§ **Data excerpts**
[Start of Attachment]
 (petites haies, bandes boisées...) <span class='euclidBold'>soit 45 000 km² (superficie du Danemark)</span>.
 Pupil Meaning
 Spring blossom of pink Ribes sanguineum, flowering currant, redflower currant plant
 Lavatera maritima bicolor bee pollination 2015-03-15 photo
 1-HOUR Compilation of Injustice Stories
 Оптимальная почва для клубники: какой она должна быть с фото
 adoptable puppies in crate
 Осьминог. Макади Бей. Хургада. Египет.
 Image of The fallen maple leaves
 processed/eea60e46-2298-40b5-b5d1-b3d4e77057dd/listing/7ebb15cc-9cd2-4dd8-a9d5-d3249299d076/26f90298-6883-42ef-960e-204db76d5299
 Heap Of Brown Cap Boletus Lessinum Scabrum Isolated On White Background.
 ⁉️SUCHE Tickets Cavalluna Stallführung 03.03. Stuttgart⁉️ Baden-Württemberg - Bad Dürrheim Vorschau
[End of Attachment]
[Start of Attachment]
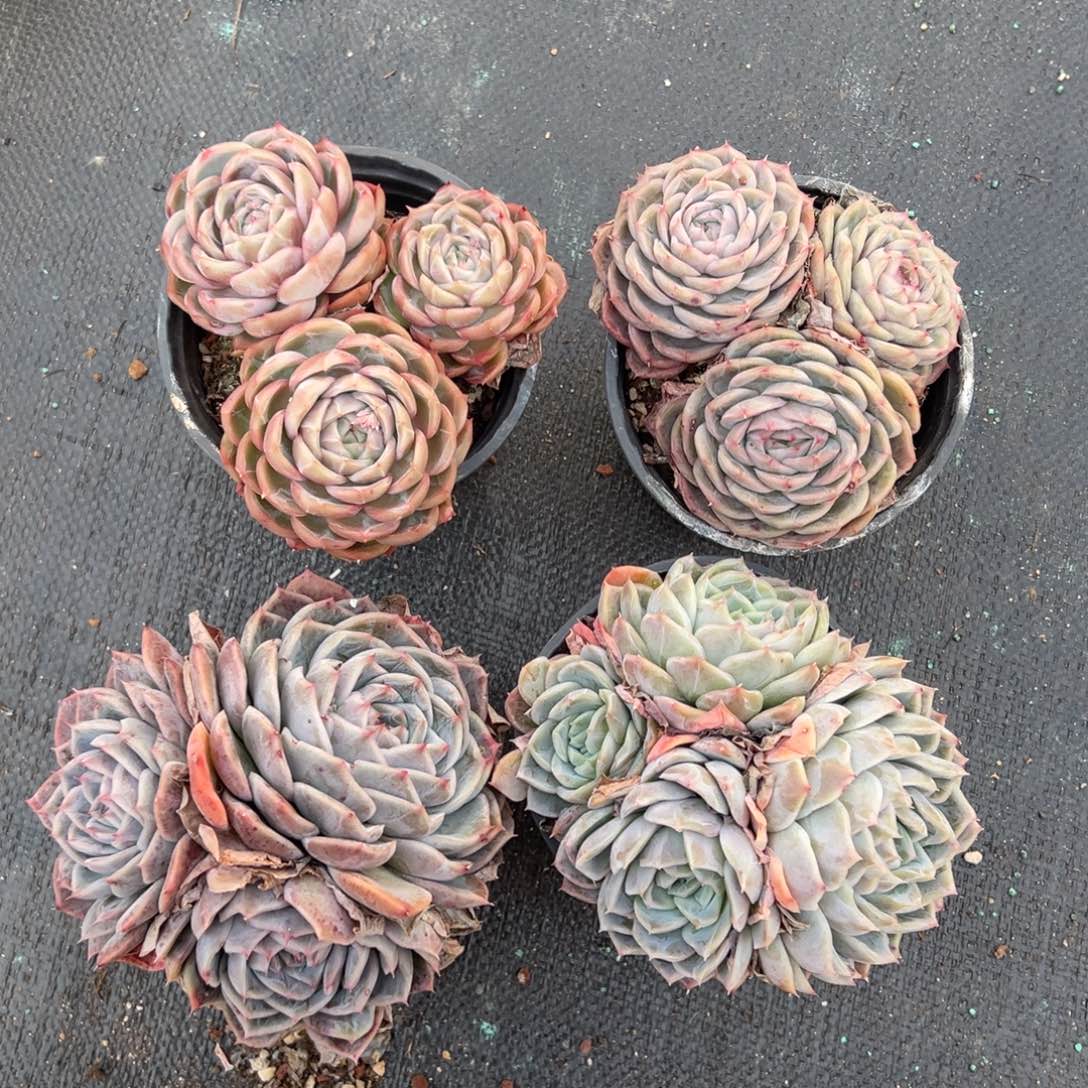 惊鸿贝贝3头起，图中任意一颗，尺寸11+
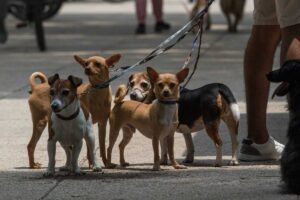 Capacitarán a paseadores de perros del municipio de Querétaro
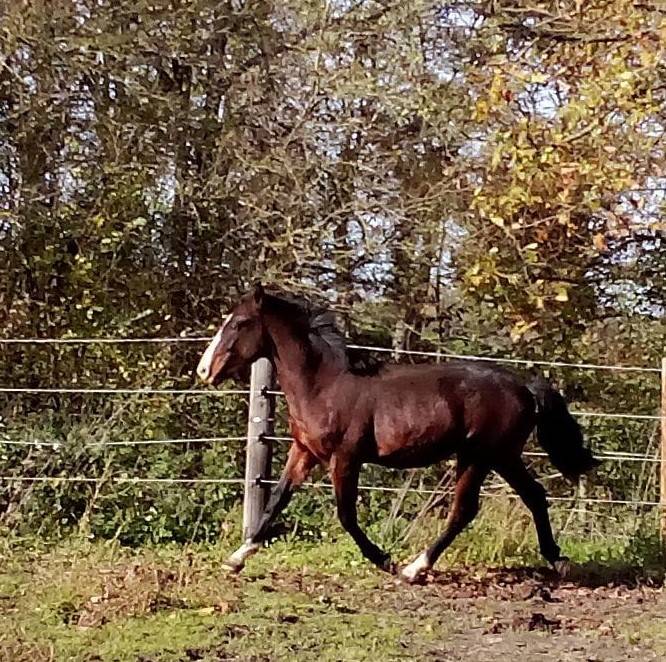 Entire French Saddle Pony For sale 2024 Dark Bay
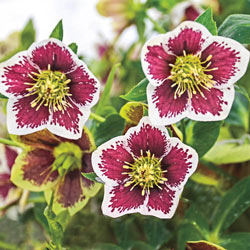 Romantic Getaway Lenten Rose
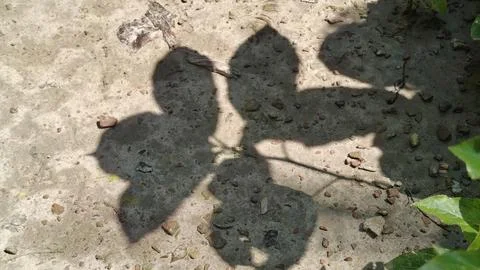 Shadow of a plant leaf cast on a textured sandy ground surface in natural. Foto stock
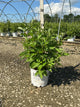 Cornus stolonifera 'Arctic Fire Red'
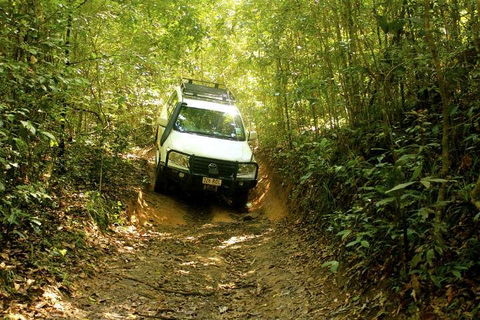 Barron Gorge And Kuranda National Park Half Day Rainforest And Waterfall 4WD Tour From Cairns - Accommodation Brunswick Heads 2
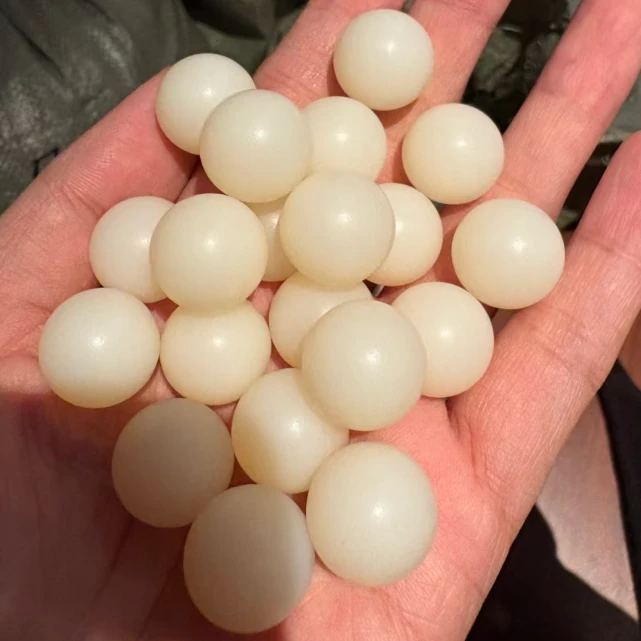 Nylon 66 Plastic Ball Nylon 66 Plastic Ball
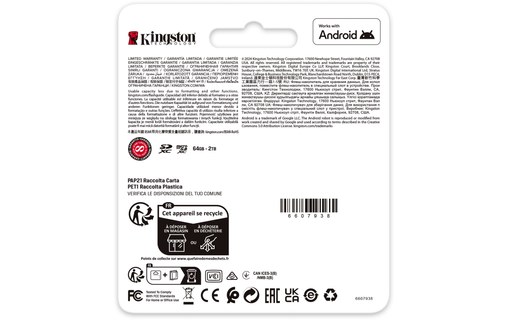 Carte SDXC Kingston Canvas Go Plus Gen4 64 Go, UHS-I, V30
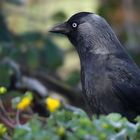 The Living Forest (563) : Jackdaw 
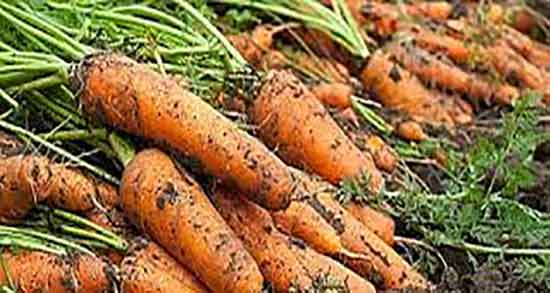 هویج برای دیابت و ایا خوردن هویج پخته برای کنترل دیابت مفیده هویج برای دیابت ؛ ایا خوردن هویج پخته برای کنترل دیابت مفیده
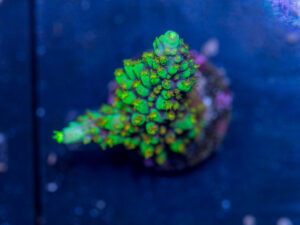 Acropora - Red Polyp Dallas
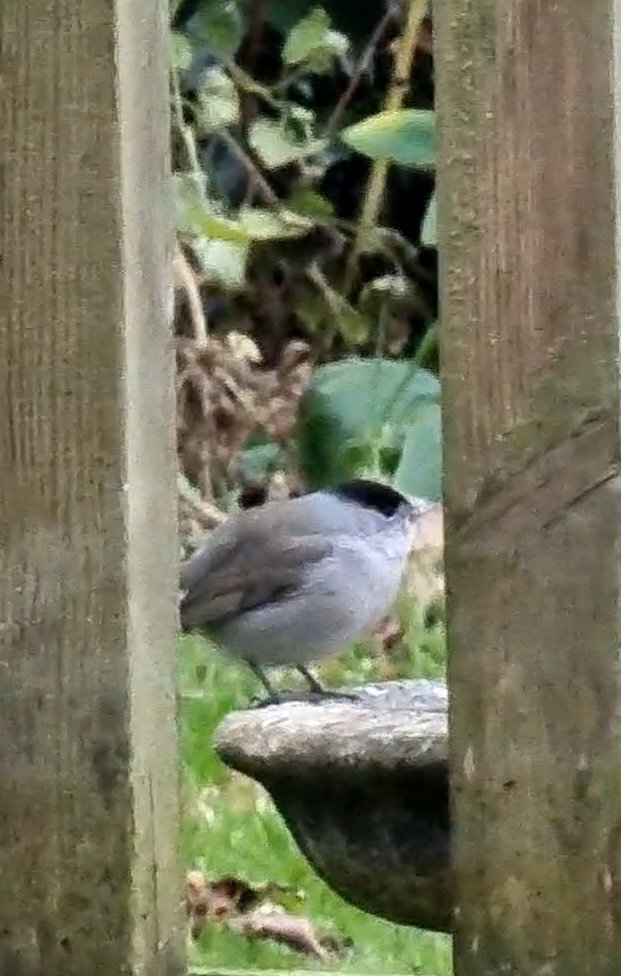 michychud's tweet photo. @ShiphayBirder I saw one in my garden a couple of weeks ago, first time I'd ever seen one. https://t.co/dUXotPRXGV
[End of Attachment]
[Start of Attachment]
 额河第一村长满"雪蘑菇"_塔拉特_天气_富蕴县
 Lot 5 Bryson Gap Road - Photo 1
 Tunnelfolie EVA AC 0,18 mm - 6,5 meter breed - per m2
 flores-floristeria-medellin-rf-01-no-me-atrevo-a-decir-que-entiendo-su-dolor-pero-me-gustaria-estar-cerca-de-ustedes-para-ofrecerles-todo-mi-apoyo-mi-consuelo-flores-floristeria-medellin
[End of Attachment]
§ **What the task requires**
In the listing above, find the line containing "Romantic Getaway Lenten Rose" and the line containing "michychud's tweet photo.". Print those two lines and every line between them exactly, with no pictures.

§ **Reply to the task**
 Romantic Getaway Lenten Rose
 Shadow of a plant leaf cast on a textured sandy ground surface in natural. Foto stock
 Cornus stolonifera 'Arctic Fire Red'
 Barron Gorge And Kuranda National Park Half Day Rainforest And Waterfall 4WD Tour From Cairns - Accommodation Brunswick Heads 2
 Nylon 66 Plastic Ball Nylon 66 Plastic Ball
 Carte SDXC Kingston Canvas Go Plus Gen4 64 Go, UHS-I, V30
 The Living Forest (563) : Jackdaw 
 هویج برای دیابت و ایا خوردن هویج پخته برای کنترل دیابت مفیده هویج برای دیابت ؛ ایا خوردن هویج پخته برای کنترل دیابت مفیده
 Acropora - Red Polyp Dallas
 michychud's tweet photo. @ShiphayBirder I saw one in my garden a couple of weeks ago, first time I'd ever seen one. https://t.co/dUXotPRXGV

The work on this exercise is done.